== TASK DETAILS ==
Return each line of the entries that mentions the word "Resistant".

───── PROVIDED DATA

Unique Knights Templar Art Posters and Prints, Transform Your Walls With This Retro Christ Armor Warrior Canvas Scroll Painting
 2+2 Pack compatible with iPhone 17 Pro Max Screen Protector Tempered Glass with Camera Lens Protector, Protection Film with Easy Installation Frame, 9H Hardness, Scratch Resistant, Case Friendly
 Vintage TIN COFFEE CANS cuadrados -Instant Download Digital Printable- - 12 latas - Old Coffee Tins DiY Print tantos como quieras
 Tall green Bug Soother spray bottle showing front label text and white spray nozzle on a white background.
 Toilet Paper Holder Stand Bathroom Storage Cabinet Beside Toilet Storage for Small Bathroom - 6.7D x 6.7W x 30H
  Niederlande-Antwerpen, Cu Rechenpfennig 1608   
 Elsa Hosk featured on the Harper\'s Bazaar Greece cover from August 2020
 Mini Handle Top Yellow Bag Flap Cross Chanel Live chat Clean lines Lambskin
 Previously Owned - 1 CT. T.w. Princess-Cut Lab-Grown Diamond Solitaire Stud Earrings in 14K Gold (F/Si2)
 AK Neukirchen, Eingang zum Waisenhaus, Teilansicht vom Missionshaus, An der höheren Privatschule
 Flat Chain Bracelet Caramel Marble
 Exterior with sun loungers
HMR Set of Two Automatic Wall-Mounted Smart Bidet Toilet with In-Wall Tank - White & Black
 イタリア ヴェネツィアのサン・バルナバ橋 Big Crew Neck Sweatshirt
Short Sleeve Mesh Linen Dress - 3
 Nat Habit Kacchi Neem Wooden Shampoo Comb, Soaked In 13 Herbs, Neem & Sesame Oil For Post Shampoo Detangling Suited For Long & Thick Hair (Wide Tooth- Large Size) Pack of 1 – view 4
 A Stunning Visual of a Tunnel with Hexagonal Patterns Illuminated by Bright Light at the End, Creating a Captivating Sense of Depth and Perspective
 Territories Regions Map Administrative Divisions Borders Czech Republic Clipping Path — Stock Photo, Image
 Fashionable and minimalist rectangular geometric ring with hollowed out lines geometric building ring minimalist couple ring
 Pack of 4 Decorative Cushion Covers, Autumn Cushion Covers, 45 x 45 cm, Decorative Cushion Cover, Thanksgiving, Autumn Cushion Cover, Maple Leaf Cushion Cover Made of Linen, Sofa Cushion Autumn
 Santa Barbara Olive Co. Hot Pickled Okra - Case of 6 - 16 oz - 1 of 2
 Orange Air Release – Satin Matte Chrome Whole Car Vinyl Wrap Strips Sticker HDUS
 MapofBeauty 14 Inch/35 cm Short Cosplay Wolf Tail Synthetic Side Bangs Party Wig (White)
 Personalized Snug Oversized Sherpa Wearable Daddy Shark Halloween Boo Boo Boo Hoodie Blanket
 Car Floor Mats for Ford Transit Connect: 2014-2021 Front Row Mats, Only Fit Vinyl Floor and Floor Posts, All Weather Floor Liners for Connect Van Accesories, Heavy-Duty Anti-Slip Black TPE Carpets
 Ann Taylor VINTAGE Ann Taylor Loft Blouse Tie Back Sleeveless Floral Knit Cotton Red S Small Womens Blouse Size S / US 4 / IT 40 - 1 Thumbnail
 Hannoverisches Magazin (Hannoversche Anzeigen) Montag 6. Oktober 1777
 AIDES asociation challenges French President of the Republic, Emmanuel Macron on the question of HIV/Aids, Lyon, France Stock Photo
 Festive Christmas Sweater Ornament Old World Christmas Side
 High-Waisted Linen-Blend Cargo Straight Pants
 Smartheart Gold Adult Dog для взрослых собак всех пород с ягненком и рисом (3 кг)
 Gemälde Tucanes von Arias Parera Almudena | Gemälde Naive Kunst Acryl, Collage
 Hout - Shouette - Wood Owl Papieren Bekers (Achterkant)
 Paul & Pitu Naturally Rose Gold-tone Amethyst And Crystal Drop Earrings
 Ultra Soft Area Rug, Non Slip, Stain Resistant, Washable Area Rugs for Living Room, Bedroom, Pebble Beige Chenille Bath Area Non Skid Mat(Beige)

──────────

== ANSWER SPACE ==
 2+2 Pack compatible with iPhone 17 Pro Max Screen Protector Tempered Glass with Camera Lens Protector, Protection Film with Easy Installation Frame, 9H Hardness, Scratch Resistant, Case Friendly
 Ultra Soft Area Rug, Non Slip, Stain Resistant, Washable Area Rugs for Living Room, Bedroom, Pebble Beige Chenille Bath Area Non Skid Mat(Beige)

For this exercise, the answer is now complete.